# Problem requirements:
Only the lines below from the one that contains "If you want" through the one that contains "This is the" should appear in your answer, exact and without pictures.

# Data:
■ ■ ■ ■ ■
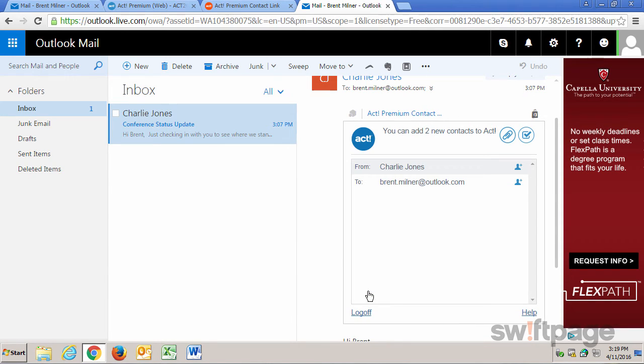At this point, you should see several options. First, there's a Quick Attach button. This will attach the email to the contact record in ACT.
■ ■ ■ ■ ■
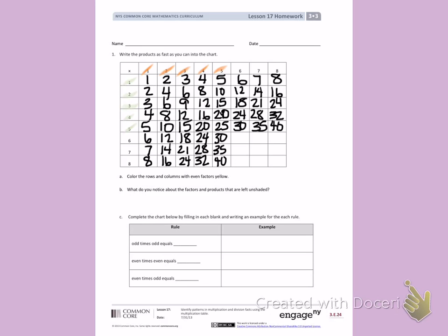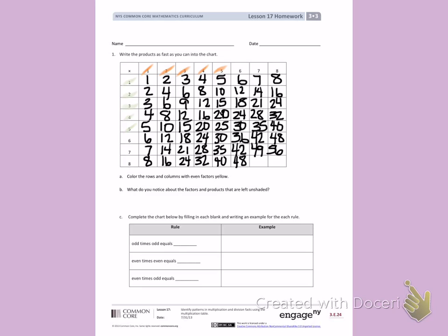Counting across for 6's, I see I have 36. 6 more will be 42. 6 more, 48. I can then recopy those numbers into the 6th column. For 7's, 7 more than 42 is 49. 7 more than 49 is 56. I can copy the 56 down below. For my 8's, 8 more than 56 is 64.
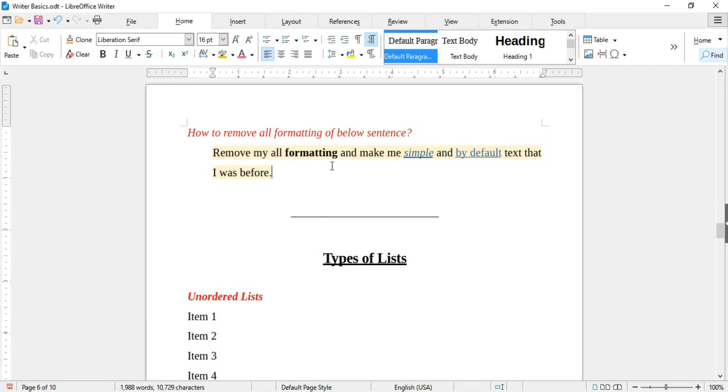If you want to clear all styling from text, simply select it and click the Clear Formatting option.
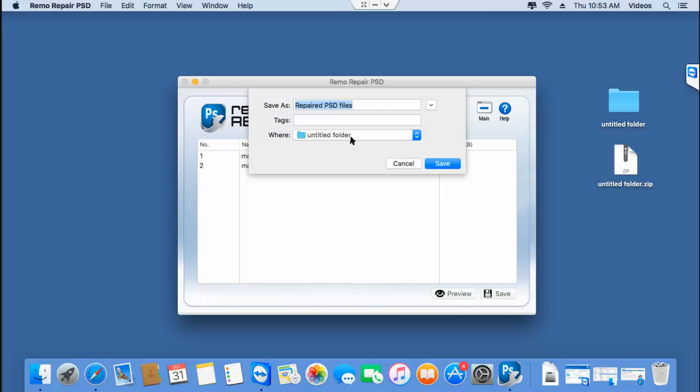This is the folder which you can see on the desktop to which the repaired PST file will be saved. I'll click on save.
■ ■ ■ ■ ■
# Task solution:
If you want to clear all styling from text, simply select it and click the Clear Formatting option.
This is the folder which you can see on the desktop to which the repaired PST file will be saved. I'll click on save.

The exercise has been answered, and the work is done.